Friday, May 11, 2007

Benefit costs driving magazine
postal increases

Canada Post's margins from delivering a typical magazine have slid about 4% in the past year, mostly the result of an astonishing 10% increase in costs, according to an analysis prepared by Michael J. Fox, Senior Vice-president of Circulation and Development at Rogers Media.
It’s disappointing to see the 2006 margin setback because we fear Ottawa-based CPC will pursue more rate increases rather than serious measures to control expenses. This upsets publishers, who are pros at watching costs, with metrics such as cost per editorial page, cost per copy printed, etc.
Fox's invaluable annual report on postal matters acknowledges that the Canada Post annual revenue increase per piece of publications mail was a relatively modest 4% in 2006 (down from 6% in 2005 and 8% in 2004) . The current rate for a typical magazine is $0.51. CPC delivered 536-million Pubs Mail copies in 2006 and charged $275 million to do so.

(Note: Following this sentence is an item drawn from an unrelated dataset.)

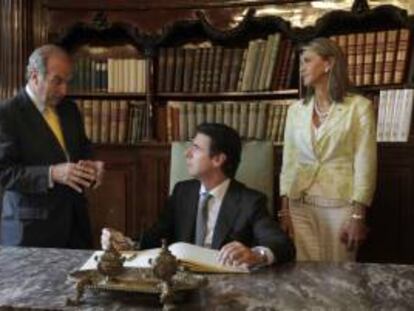 El ministro de Industria, José Manuel Soria (c), junto al presidente de Foment del Treball Nacional, Joaquim Gay de Montellà, y la delegada del Gobierno en Cataluña, Llanos de Luna, esta mañana en Barcelona, en la sede de dicha asociación, donde el ministro se ha reunido con representantes de la patronal catalana.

He also notes that Pubs Mail volumes have declined 1.3% a year since 2002 while CPC adds about 0.9% more delivery points annually, so the ratio of magazines-per-address is declining about 2.2% a year.
Why did the cost to deliver a magazine jump 10% in one year? First, it appears that when one does a similar calculation on other types of mail, those costs to deliver also shot up in 2006. Driving this appears to be the high cost of all the long-service CPC employees who are retiring. CPC operating expenses jumped 7.2% to $5.8 billion, including 5% more for salaries, 22% more for benefits, and 7% more for fuel. Just to illustrate the scale, employee benefit costs increased $161 million, or 22%, in one year. CPC has 70,000 employees — and it expects 27,000 of them will retire over the next decade. This may become like the auto industry where a big portion of a new car price goes for pensions and healthcare costs.